Thursday, July 16, 2015

In Their Shadows

I wrote this memoir a couple of years back for another blog...

I remember a face, that of a nine-year old girl, in a restored photograph that has been salvaged from the abyss of time. With her father beside her, the little girl was glancing down at her deceased mother. There was a hint of sadness in her face, but she was otherwise remarkably calm given how deep her emotions ran at the loss of her dearest person. Her composure made her look mature for her tender age. The girl was my grandma (on the paternal side). The year was 1915.

I came across the photograph when I was in college, a few years after grandma had departed. Till then, my memories of her were a short, white saree-clad woman, who fiercely defended her beliefs. She wanted to preserve the Bengali culture: the language, the dress, the food and everything in between. I recall my instructors at the Academy of Fine Arts in Kolkata dressing up as Bengali “babus” on Sundays to escape my visiting grandma’s admonition. She spared almost none — I used to get breaks, being the oldest grandchild — in her zeal. Mr. Siddhartha Shankar Ray, the grandson of Deshbandhu Chittaranjan Das, had faced my grandma during his tenure as the Chief Minister of West Bengal. His towering structure condescended to the slight lady in admission of his failure to uplift Bengal and the Bengalis and, therefore, unworthy of his illustrious grandfather’s lineage. There were other stories too. On one occasion she had tackled, with her sons, a gang of dacoits who had raided our ancestral home in Krishnanagar in the middle of the night.

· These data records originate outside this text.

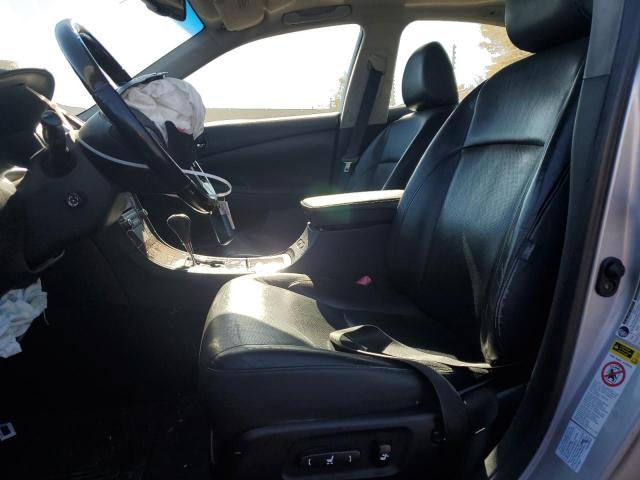 Photo 7 from auction – 2010 LEXUS ES 350 with VIN JTHBK1EG3A2382740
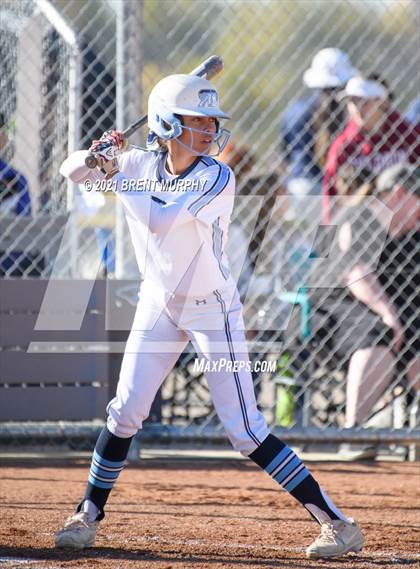 Thumbnail 3 in Riverdale Ridge vs. Palisade (CHSAA 4A Region 4) photogallery.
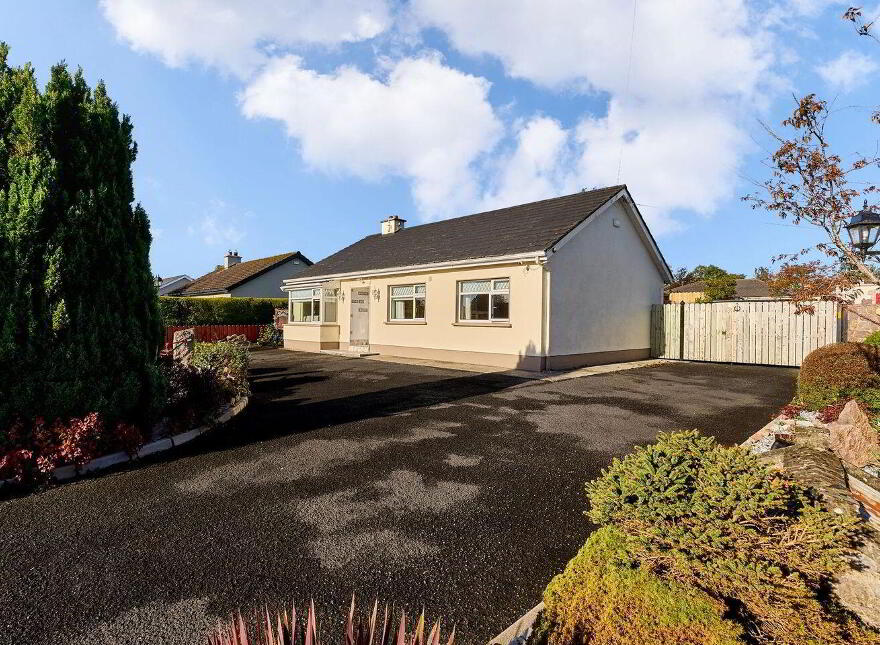 Tyrrell's Lane, Edenderry, R45RH36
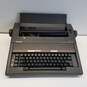 Brother Electronic Typewriter AX-22 image number 3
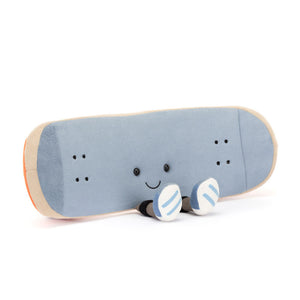 Amuseable Sports Skateboard, Jellycat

But grandma you never discussed your life story with anybody. You were married off at eleven years of age to grandpa who was sixteen-year senior to you, had your first child at fourteen and went off to have several more over the next nearly three decades. Then something happened. You moved to Kolkata with all your surviving children, nine of them, leaving behind grandpa. You traded your married woman’s attire with that of a widow’s and closed the door on your past. You raised your children all by yourself enduring utmost hardships, yet never spoke to grandpa. You taught yourself to read and write and knew Ramayana and Mahabharata from cover to cover.  You argued the need for women to be literate, self-reliant, and be empowered to choose their own destiny.

The photograph helped me to bridge a gap in my understanding of my grandma. None of us have ever seen her fretting about life or shed any tear. She had learned to control her emotions from an early age. The intervening years had only helped to grow her resolve. Her earthly possessions were meager, barely filling her hands, when she was busy serving others. She would go as far as she could walk, that would practically be the entire city of Kolkata, to reaffirm her beliefs. She passed away while returning from one such trip.

On this International Women’s Day 2013, I reflect on my grandma’s influence on the early years, the formative ones, of my life. She had not heard of IWD. In her world, every day was a woman’s — that would be her — day. She taught me to build a core belief system and be prepared to defend it; she emphasized that unless one has challenged herself she hasn’t discovered her true capabilities. Complaining about the fight or, even worse, abandoning it is not an option. Women like her inspire generations to walk in their shadows.